Sanità territoriale in abbandono. E i pazienti non sanno a chi rivolgersi
Un altro dei problemi riguarda la carenza della medicina territoriale. E in questo il Lazio di certo non brilla: basti pensare ai fondi del Pnrr per le case di comunità, strutture che nascono proprio per alleggerire i pronto soccorso e prendere in carico i malati cronici o dimessi dagli ospedali che avrebbero bisogno di essere seguiti da una equipe specialistica. Come rivelato dalla Fondazione Gimbe, ci sono in teoria 135 edifici da ristrutturare ma è tutto fermo. Così come sugli ospedali di comunità: ne è stato realizzato solo uno su 36 al momento e servono proprio come strutture intermedie tra il domicilio e il ricovero ospedaliero. Potrebbero, quindi, alleggerire il pubblico.

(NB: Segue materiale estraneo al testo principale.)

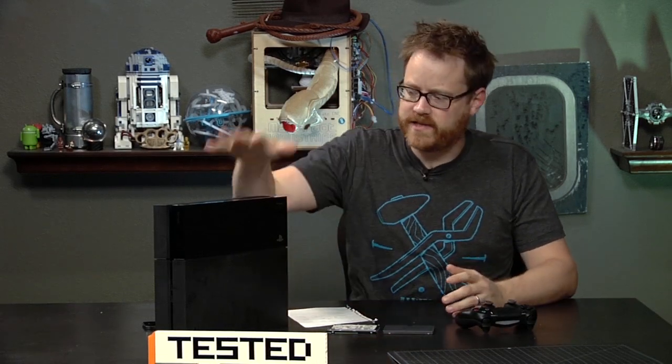Hey guys, it's Will from Tested. As you may or may not know, last Friday the PlayStation 4 came out, and of course we've been testing it all weekend.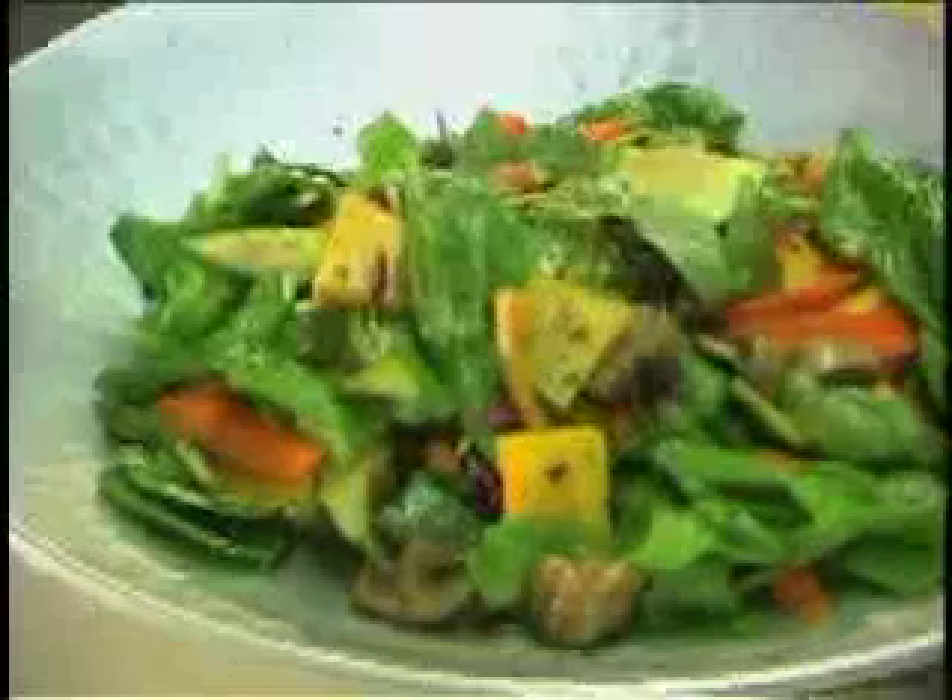Welcome everybody. It's another awesome meal. We're going to be cooking with Jeff John Perry. We're at Paula Catering, and what we're going to be doing is making a roasted vegetable salad that apparently is delicious.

Le case di comunità, spiega Magi, servirebbero anche “per i pazienti dimessi dagli ospedali, che troverebbero un’equipe specialistica” pronta a seguirli. Su questo punto, comunque, si “sta finalmente partendo” ed è fondamentale perché “possono supplire anche ad altre strutture”. Al momento, conclude il presidente Omceo, “si sta lavorando sulle linee guida in Agenas per strutturare queste case di comunità per renderle pronte a brevissimo: se si facesse questo, si riuscirebbero a tagliare le liste d’attesa” e alleggerire la pressione sui pronto soccorso.